Scraped caption text data
□ □ □
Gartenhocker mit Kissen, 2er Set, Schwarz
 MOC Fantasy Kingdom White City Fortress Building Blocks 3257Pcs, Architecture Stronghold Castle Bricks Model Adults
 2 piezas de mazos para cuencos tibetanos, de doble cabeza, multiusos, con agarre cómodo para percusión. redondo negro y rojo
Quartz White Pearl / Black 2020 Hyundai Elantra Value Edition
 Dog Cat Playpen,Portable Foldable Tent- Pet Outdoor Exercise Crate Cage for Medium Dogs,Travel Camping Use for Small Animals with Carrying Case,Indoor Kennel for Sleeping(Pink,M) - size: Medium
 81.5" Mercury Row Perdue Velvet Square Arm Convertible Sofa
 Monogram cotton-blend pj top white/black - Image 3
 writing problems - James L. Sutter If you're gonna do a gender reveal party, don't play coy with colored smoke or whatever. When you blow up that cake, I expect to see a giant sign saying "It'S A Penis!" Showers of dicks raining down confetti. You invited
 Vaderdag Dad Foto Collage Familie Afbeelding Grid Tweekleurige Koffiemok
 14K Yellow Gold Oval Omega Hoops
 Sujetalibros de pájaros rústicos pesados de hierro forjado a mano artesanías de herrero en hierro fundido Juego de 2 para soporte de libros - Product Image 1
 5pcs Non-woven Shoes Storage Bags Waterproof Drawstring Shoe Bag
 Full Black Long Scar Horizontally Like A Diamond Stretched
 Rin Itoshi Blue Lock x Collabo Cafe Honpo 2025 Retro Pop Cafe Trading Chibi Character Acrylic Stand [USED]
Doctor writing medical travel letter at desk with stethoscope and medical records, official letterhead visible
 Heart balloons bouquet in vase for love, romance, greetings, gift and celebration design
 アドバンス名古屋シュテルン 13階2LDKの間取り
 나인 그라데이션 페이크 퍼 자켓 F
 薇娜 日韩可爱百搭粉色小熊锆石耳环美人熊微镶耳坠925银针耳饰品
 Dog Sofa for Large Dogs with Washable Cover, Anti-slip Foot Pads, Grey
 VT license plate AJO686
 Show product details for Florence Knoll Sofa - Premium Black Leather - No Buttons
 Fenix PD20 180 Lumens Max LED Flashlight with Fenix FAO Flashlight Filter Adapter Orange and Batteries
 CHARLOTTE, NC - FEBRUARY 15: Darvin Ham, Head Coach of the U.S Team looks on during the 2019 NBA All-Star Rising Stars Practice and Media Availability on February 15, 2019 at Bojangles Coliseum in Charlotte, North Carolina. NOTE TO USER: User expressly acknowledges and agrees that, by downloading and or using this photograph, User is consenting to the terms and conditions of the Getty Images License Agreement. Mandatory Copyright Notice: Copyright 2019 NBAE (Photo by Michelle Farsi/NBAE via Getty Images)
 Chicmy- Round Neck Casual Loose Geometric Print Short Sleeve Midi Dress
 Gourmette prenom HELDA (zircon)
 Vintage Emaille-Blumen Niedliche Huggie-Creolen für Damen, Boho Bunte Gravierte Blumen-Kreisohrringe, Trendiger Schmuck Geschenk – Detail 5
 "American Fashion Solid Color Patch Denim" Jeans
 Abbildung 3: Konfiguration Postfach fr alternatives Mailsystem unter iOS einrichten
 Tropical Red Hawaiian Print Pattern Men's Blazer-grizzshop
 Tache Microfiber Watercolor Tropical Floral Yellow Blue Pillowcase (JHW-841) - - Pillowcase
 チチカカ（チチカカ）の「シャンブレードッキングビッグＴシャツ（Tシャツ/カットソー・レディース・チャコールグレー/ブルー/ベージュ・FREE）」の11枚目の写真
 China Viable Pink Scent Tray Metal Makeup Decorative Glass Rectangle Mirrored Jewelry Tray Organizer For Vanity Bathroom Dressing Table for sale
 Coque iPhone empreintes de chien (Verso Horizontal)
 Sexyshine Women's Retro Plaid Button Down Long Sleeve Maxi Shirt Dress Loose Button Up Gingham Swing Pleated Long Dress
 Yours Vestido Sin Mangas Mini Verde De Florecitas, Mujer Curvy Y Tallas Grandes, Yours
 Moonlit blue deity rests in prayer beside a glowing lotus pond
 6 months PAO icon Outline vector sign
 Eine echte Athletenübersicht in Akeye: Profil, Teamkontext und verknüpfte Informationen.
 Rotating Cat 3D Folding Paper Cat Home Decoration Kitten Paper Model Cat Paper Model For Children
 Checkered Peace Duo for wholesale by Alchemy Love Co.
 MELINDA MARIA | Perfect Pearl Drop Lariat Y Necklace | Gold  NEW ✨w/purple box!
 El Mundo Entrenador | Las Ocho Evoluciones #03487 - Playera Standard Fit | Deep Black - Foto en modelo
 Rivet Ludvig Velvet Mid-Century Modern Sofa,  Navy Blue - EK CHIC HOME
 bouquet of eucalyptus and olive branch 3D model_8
□ □ □
What is needed is an exact copy of the entries from their first line down to the line with "2 piezas de", that line included, and nothing beyond it.

## Exercise output
Gartenhocker mit Kissen, 2er Set, Schwarz
 MOC Fantasy Kingdom White City Fortress Building Blocks 3257Pcs, Architecture Stronghold Castle Bricks Model Adults
 2 piezas de mazos para cuencos tibetanos, de doble cabeza, multiusos, con agarre cómodo para percusión. redondo negro y rojo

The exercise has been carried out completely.